By way of a break from the Timed Camera Cable Release, I chose to develop the Electronic Film Clapper further and learned a lot in the process. I had the first iteration of the boards fabricated by Hackvana as usual and they arrived in good time.
On the board, I included several options to tailor the design to the builders taste. Provision for both a digispark board or bare ATTiny85 chip, small or large tact switches and a jumper to defeat the LEDs supply resistor for extra brightness.
I chose to build the Digispark version first. It went together easily (bar a hole size issue, more of that later) and I programmed the digispark via it’s own USB socket. And… the board completely failed to start up. It took me some time to realise that I’d got the USB power connections inverted! Lucky I’d added a reverse polarity diode! I de-soldered the USB ‘A’ type plug and re-soldered it on the back side of the board flipping the connections. I don’t have the correct type of USB plugs anyway, so it’s a bit of a kludge at the moment. However, once this was done, the board sprung to life. When powered up, the Digispark’s micronucleus bootloader kicks in for a few seconds and then the Clapper code starts.
The hole size issue was due to my custom tact switch footprint in KiCad being wrong. Although I managed to transfer the dimensions across from the datasheet successfully, I’d used the wrong size drills for the through plated holes and hence, the larger Omron type tact switch will not fit. I have amended the footprint now.
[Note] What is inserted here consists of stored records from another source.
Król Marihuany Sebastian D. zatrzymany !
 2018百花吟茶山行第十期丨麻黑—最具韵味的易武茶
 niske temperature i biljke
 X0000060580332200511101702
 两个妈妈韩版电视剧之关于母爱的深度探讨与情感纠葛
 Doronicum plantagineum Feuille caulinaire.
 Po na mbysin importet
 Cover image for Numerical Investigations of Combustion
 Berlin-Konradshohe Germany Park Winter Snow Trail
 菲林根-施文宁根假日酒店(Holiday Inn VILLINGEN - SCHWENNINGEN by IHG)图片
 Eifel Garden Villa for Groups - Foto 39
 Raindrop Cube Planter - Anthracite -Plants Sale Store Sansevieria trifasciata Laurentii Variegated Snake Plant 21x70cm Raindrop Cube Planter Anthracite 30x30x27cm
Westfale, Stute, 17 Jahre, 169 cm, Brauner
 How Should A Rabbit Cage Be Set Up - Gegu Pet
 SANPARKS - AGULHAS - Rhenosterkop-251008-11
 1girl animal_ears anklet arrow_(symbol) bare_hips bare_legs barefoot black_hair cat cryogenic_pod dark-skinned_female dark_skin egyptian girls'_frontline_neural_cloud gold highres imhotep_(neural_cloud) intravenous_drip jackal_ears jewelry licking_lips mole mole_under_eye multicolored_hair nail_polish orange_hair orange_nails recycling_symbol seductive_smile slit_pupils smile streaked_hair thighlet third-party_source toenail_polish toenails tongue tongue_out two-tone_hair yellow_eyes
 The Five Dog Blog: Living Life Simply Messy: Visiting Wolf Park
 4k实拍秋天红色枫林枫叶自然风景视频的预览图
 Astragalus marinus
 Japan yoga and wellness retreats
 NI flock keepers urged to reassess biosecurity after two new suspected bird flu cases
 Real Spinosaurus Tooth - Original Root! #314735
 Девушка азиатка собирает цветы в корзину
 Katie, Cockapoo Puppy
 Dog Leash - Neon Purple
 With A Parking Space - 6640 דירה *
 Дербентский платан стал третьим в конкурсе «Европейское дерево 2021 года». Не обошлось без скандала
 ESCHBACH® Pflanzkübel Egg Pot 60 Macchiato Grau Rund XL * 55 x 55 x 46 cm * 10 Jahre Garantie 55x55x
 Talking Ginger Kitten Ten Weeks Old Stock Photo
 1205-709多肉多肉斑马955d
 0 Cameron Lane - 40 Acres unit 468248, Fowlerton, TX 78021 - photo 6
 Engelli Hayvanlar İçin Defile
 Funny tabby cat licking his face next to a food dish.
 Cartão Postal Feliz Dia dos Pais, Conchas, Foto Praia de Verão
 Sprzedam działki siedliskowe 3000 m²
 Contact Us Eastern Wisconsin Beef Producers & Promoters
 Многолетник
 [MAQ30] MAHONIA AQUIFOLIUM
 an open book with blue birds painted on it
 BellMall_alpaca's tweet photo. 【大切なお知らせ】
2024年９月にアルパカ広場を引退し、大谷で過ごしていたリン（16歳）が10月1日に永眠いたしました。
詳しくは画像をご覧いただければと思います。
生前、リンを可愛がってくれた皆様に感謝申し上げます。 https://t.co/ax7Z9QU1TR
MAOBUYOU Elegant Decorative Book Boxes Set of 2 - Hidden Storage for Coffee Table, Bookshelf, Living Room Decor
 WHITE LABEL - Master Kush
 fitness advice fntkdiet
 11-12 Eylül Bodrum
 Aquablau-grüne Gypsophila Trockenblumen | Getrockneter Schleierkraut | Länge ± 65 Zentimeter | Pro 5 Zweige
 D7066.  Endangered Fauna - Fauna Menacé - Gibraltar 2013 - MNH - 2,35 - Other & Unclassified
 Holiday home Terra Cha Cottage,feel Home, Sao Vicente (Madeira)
At the moment, the switch on the prototype board sits slightly high on the surface.
There was another issue to be resolved; although the board started up fine, the ‘pip’ seemed to be incomplete. It was obvious from the symptoms that there wasn’t enough power to flash the LED and sound the pip at the same time. To sort this problem out, I bridged across the 78L05 part of the circuit. Once I had done this, the board worked perfectly.
So, on to the bare chip version. Having learned of the tact switch problem on the first build, I elected to use the smaller tact switch on this board. It fit perfectly. I had it complete in short order. I programmed the ATTiny85 chip via a technique called ArduinoISP where an Arduino UNO becomes a programmer. Upon powering the board up… Flash but no pip. This frustrated me for several days. I tried many fixes including changing the ATTiny’s fuses, but finally discovered that the bare ATTiny85 doesn’t directly support the Tone() function which is what I used in the code for the pip sound. I can only assume that the Digispark has custom code to account for this.
After a lot of research, I discovered an article on Technoblogy detailing this issue and a pointer to a library that adds the functionality. Once I re-programmed the ATTiny85 all was well!
To finalise the design, I’ll be inverting the USB Type ‘A’ plug, removing the regulator circuit and making provision for a link across the buzzer resistor. I have found that driving both the buzzer and LEDs directly from the ATTiny’s GPIO lines gives a much brighter LED and louder ‘pip’. I would imagine that this stresses the ATTiny slightly but since it’s a brief pulse, and provided it’s not done repeatedly, I believe it will be OK.
Design files are available on the AVR Projects page.